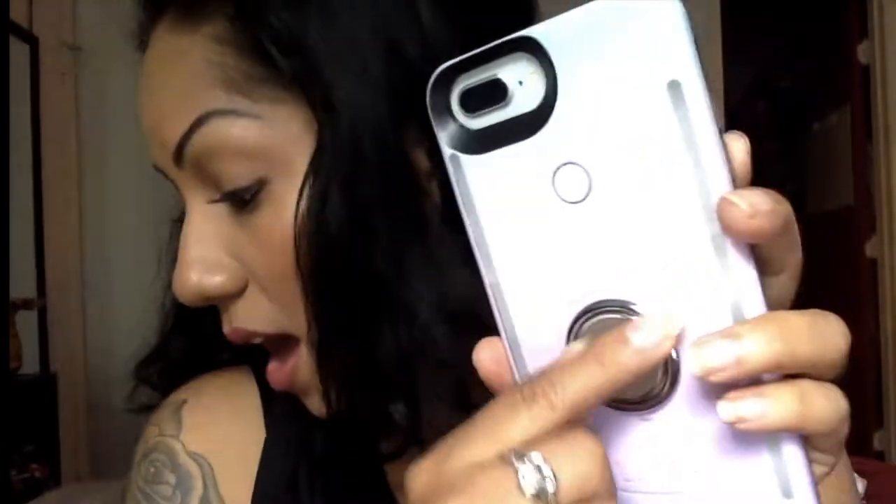This did not come with the Lumi case. This is called the ring holder — I'm going to put the link down below so you guys can see it. I believe I got it from Amazon for about nine dollars. I personally like it because you can move it around. I don't like the pop socket because it's a little bulkier — this you can flatten and it's pretty thin. I love this because you can switch it and you can stand it like this. Because the Lumi case makes the phone very bulky, I like to have something to grip on.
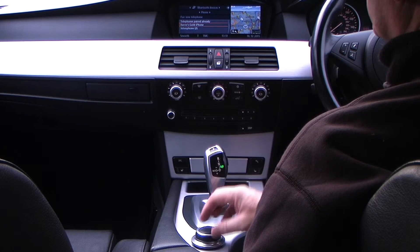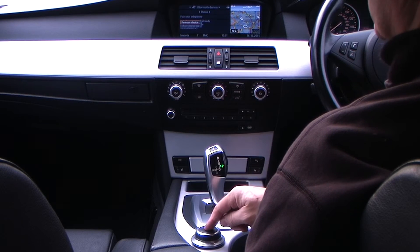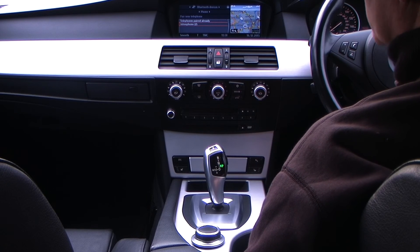That shows you the ones already paired. If you click that, it gives you the option to remove the device. Click it again and that's it — the phone is debonded.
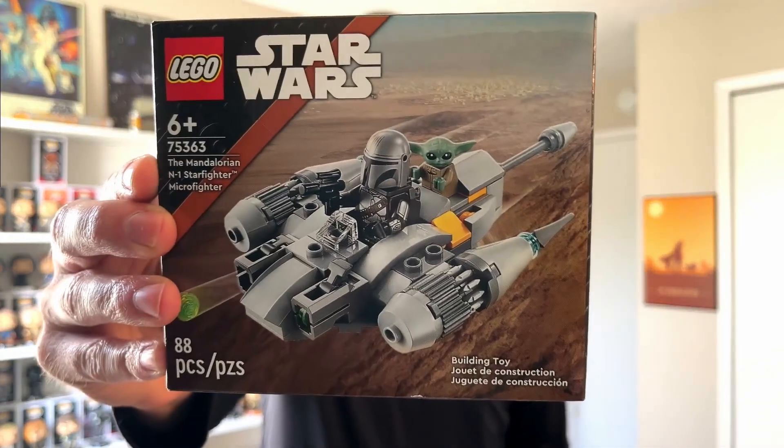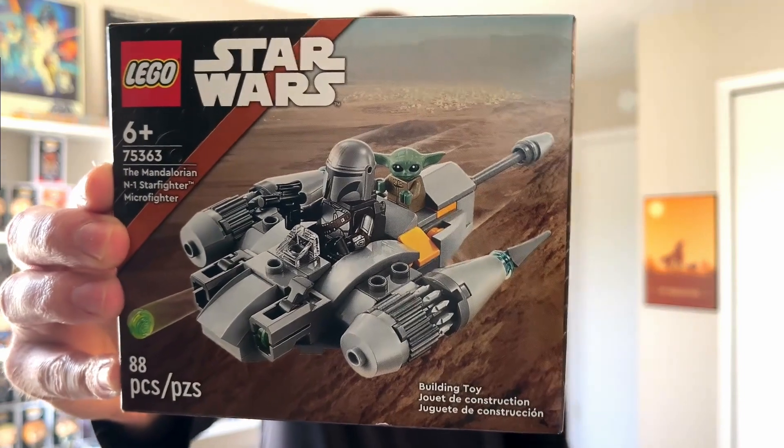Today we're going to be putting together the Lego N1 Microfighter with the Mandalorian and Grogu. Let's hop in.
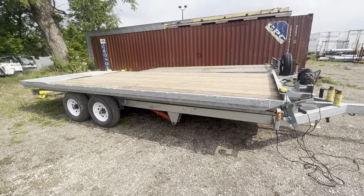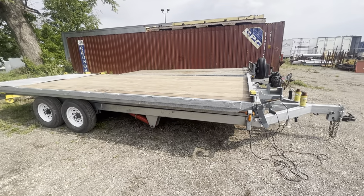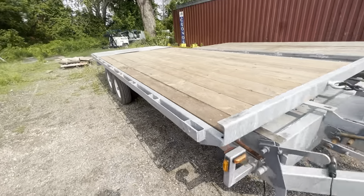This is a trailer we designed and built. It's similar to the tilt and load. What it'll allow you to do is lift up the deck.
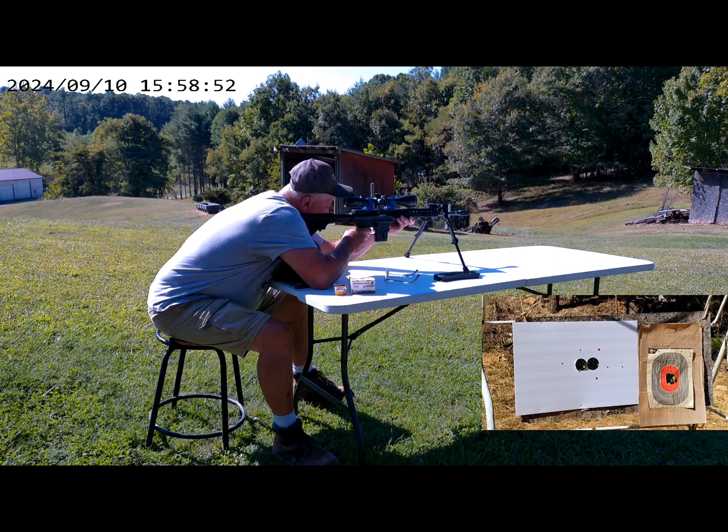Alright, Winchesters on the left — let's get to it. Shooting the Winchester group now. I think that was five — we'll see. Let me shoot one more. Okay, now the Aguila on the right. Oh, they're a little bit hotter — they're shooting high.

» **Assignment**
Find the line containing "Today we're going" in the records above and restate it, and each line after it through the end, word for word, dropping the pictures.

» **Expected output**
Today we're going to be putting together the Lego N1 Microfighter with the Mandalorian and Grogu. Let's hop in.
This is a trailer we designed and built. It's similar to the tilt and load. What it'll allow you to do is lift up the deck.
Alright, Winchesters on the left — let's get to it. Shooting the Winchester group now. I think that was five — we'll see. Let me shoot one more. Okay, now the Aguila on the right. Oh, they're a little bit hotter — they're shooting high.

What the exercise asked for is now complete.